The spin digger or spinner was the first mechanised attempt at removing potatoes from the soil in which they grew to make gathering the potatoes easier. Prior to the invention of the spin digger, someone had to manually dig the soil and potatoes with a spade or a fork and spread the crop on the soil before the potatoes could be gathered. This was heavy, laborious work, which also meant it took a lot of people a long time to complete the potato harvest. Harvesting potatoes using a spin digger was here to stay.
When was the potato spin digger invented?
The first potato spin digger was a trailed machine that ran on two large iron wheels and was pulled by one or two horses. It would later be pulled by tractors fitted with a drawbar such as the Fordson model N. This first potato spinner was invented by a county Antrim (Northern Ireland) man called John Hanson in 1852 from the village of Doagh. Many years later with the arrival of the Ferguson System 3-point linkage, a newer non-trailed/ mounted version of the spin digger emerged from a number of different manufacturers which could be fitted directly to the 3-point linkage of the tractor.
How does a spin digger work?
All potato spin diggers work essentially in the same manner. The spin digger consists of a vertical wheel with digging fingers/forks that spin around at 90 degrees to the potato drill/ row scattering the soil and potatoes apart onto the flat dug ground.
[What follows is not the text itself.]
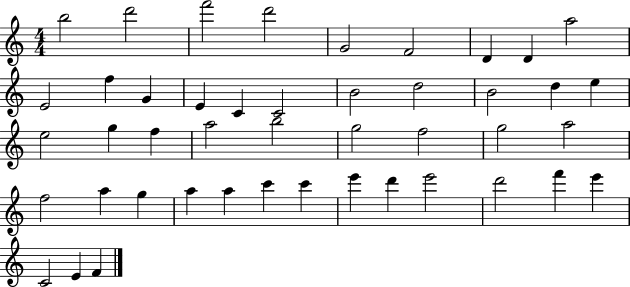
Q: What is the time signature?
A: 4/4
This makes gathering the potatoes much easier and faster.
The trailed spin diggers are geared so that the faster the forward speed the faster the digging wheel will turn. The main area of concern is with setting the depth of the digging share below the digging wheel. If the share was too deep in wet soil, there was a high risk that too much soil would be dug out, which could bury some of the potatoes.
The gatherers would then be expected to kick through the soil as they moved along their section so no potatoes would be left behind. The problem of achieving a consistent depth was reduced when the potato spinner was mounted on a three-point linkage of the tractor as the operator can easily adjust the depth at their fingertips.
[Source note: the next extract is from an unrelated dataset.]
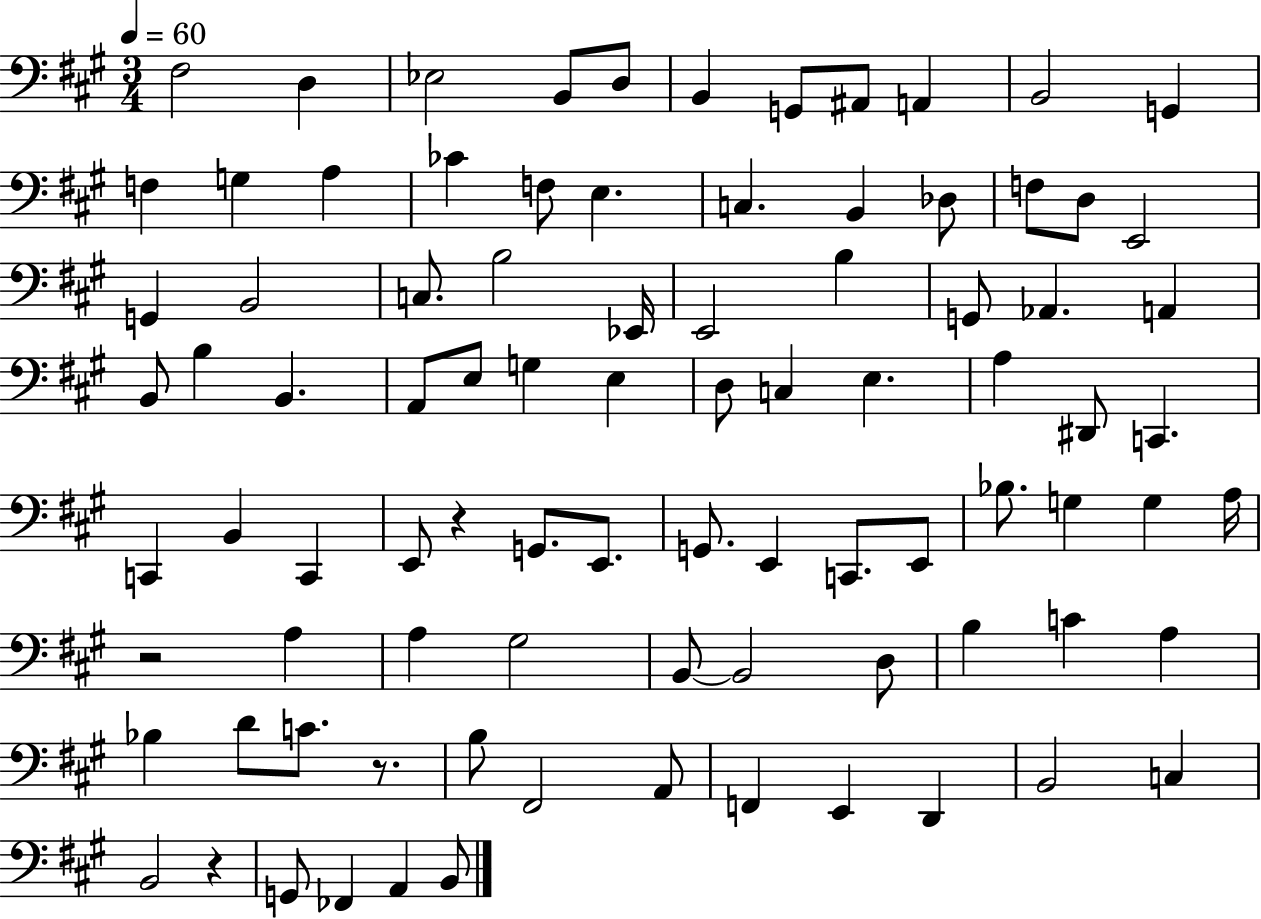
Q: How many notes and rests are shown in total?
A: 89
Three-point linkage versions
The tractor-mounted spin digger was also powered by a Powered Take Off (PTO), this meant the tractor operator could set the speed of the spin digger separately to the forward speed which the trailed spinners could not do. This was useful if you wanted to scatter the potatoes a little further or a shorter distance across the gathering section.
Although I have painted the mounted spin digger as being much better than the trailed spin digger – the trailed spin digger worked very well and its introduction revolutionised the harvesting of potatoes all over the world.
Harvesting potatoes using a spin digger timeline
Potato spin diggers were used by potato growers to harvest potatoes from 1855 and some are still in use today. Growers of larger areas were still using spin diggers until the 1970s when the elevator digger was introduced and potato harvesters began to become more widely used.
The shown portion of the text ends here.